The researchers were able to analyze many different molecular entities that aren’t normally being questioned in the clinical setting, says Jaitovich. He also believes that so far, the largest study focused on clinical outcomes looking at the association of severity with COVID-19, which separates them from studies focused solely on diagnostics. 

“A lot of studies have compared COVID versus non-COVID as kind of like this dichotomy of black and white,” adds Miller. “But with our many different clinical measurements…we can think of it as a continuum, which is a unique aspect.”

Coon says that with the size of their dataset, they can use the web tool to determine how the abundance of molecules might correlate with the severity of infection. But, he and the team agree that the real impact will come from the public accessibility of these data, along with the dynamic interactive analysis capabilities of the web tool.

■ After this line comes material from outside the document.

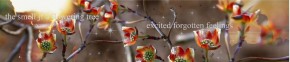 Кухонный фартук с эффектом мерцания Цветущее дерево (3000) Композит глянец в Кургане - kurgan.ok-mebel.com | фото 1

“When we find ourselves in a situation where it’s critical to make progress quickly, you know, that baseline information is out there and we can use it,” says Scott Swanson, a computational biologist in the Stewart group at the Morgridge Institute.

Swanson, and postdoctoral fellow Matthew Bernstein, are no strangers to working with large amounts of data in the bioinformatics field—and see using the data in a publicly-accessible resource as an encouraging response to help combat the COVID-19 pandemic. 

“People depositing their data publicly is extremely important,” adds Bernstein. “You’ll never know for what purpose it will be needed for.”

Stewart suggests that the analysis tool may be useful to other researchers who might be trying to identify drugs or metabolites that could be used as targets for therapeutics.

“There may be some really good things that come out of this in the long run,” he says. “The more accessible we can make our data, the more understandable metadata that surrounds it, that makes it more useful to the scientific community in general.”